Preface


How it all started

I started my career in data by learning and doing database design using Power Designer for Data Architects by Sybase, which is now own by SAP. This was a great tool that taught me how to build relational logical and physical database models using Oracle as the database system. The trend back then was to model both the software and databases using Unified Modeling Language (UML). In those days, my focus was to write apps in C++ for remote devices, use by police and emergency systems, that communicated over radio networks using Motorola Technology. No, there was no data nor WIFi networks back then, so the data transaction had to be very small.

As my career evolved beyond writing only databases for apps and with the evolution of SQL Server, I started to work on Big Data use cases. I started to write solutions using the power of Transact SQL (TSQL) for backend layer, and .NET for the integration and application layers. This was no longer the small single transaction from a few devices, but it was about supporting thousands of concurrent transactions per second from Web applications.

Learning from Experience

With data, there is a need for knowledge. This was so true when our database systems started to encounter performance issues due to the amount of transactions, and the few silly queries being done by developers on the production systems, which created many deadlocks and concurrency challenges. So, we have to adapt and learn from our mistakes. We started by creating reporting databases with denormalized schemas to separate operations from live systems. We moved the TSQL extraction, transformation, and loading (ETL) pipelines to other databases to remotely move the data. When it improved performance, we created data objects and services using .NET, so they could run on Virtual Machines and free the resources of the backend systems. In many cases, we also used the power of SQL Server Integration Services (SSIS), which is a tool that introduced to us the future capabilities of data platform tools to come.

Overtime, we had to accept the fact that a relational database was not ideal for Data Analysis purposes, and we started using the power of Data Cubes with Microsoft Analysis Services. This indeed helped with the performance issues and allowed data analysts to use Excel as their analytical tool, but it added other set of challenges, and the support to rebuild the cubes was expensive. Things started to change with the evolution of cloud technologies and Python as a programming language for data solutions.

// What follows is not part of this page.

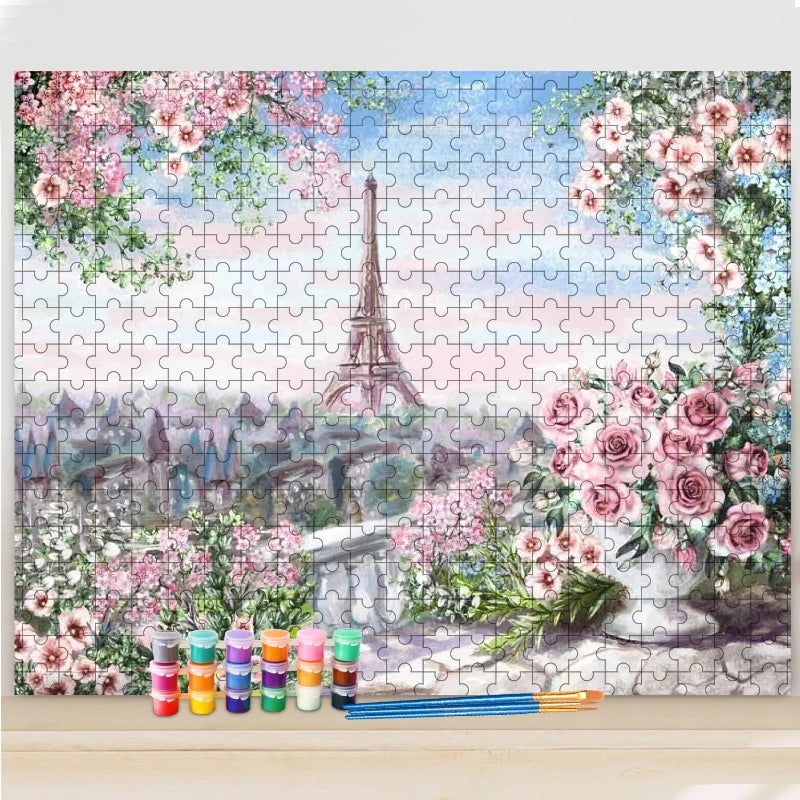 Blumen in Paris Puzzle Painting - DIY Malen nach Zahlen Puzzle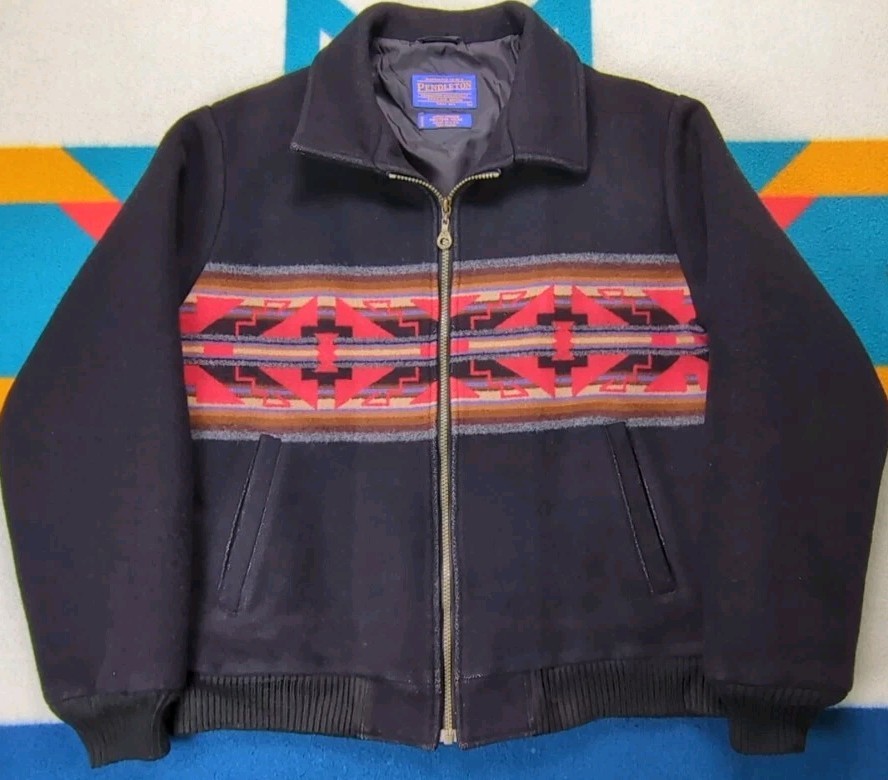 Pendleton High Grade Western Wear Wool Jacket Chief Joseph Blanket Vintage Large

The evolution of data platforms and cloud technologies

As data platform tools, cloud technologies, and Python for data solutions have evolved, I’ve learned how adapting to these technologies can produce solutions that are both distinctive and more robust.

NoSQL Database

In the case of schema-bound systems like SQL Server, it’s become clear that apps should define their models, while the backend should embrace a flexible schema. NoSQL databases, such as MongoDB, have ushered in a new app-building paradigm where developers can concentrate on crafting app models without being bogged down by backend system complexities. This paradigm is supported by various cloud providers, including AWS DynamoDB, Google Firebase, and Azure CosmosDB, offering a range of options to suit diverse needs.

Data Lakes for Storage

NoSQL databases alleviate some app integration concerns, but data migration from existing databases remains a challenge. Fortunately, the cloud offers solutions. Leverage data lakes in the cloud to store massive amounts of data at a lower cost without burdening your database systems. These data lakes, built on S3/Blob storage and offered by all major cloud providers, serve as transitional or staging environments for storing raw data and making it readily available for ETL pipelines.

Data Warehouses for Analysis:

While data lakes excel at storing large volumes of data, they’re not ideal for data analysis. For that, we need data warehouses. These centralized systems store integrated data from various sources and utilize optimized relational schemas to handle massive queries and result sets efficiently. Parallelism when reading data from separate storage units further boosts performance. Notable examples like Snowflake even support on-demand loading of archive data for performance optimization. AWS Redshift, Google BigQuery, and Azure Synapse Analytics are the leading data warehouse systems from the top cloud providers.

Data Pipelines

Cloud data platform tools depend on data to perform their functions. To ensure data flows seamlessly within these systems, we construct data pipelines. These pipelines enable us to create workflows with interconnected tasks to execute both extract, transform, and load (ETL) and extract, load, and transform (ELT) operations. The choice of pipeline construction method aligns with team expertise. Options include code-centric pipelines using Python and SQL, or low-code tools like Amazon Data Factory. Python, due to its simplicity and abundance of data libraries, excels as a powerful language for data engineering and data science workloads. Alternatively, low-code tools allow data engineers to visually build workflows using user interface (UI) tools and embed code snippets for custom transformation tasks.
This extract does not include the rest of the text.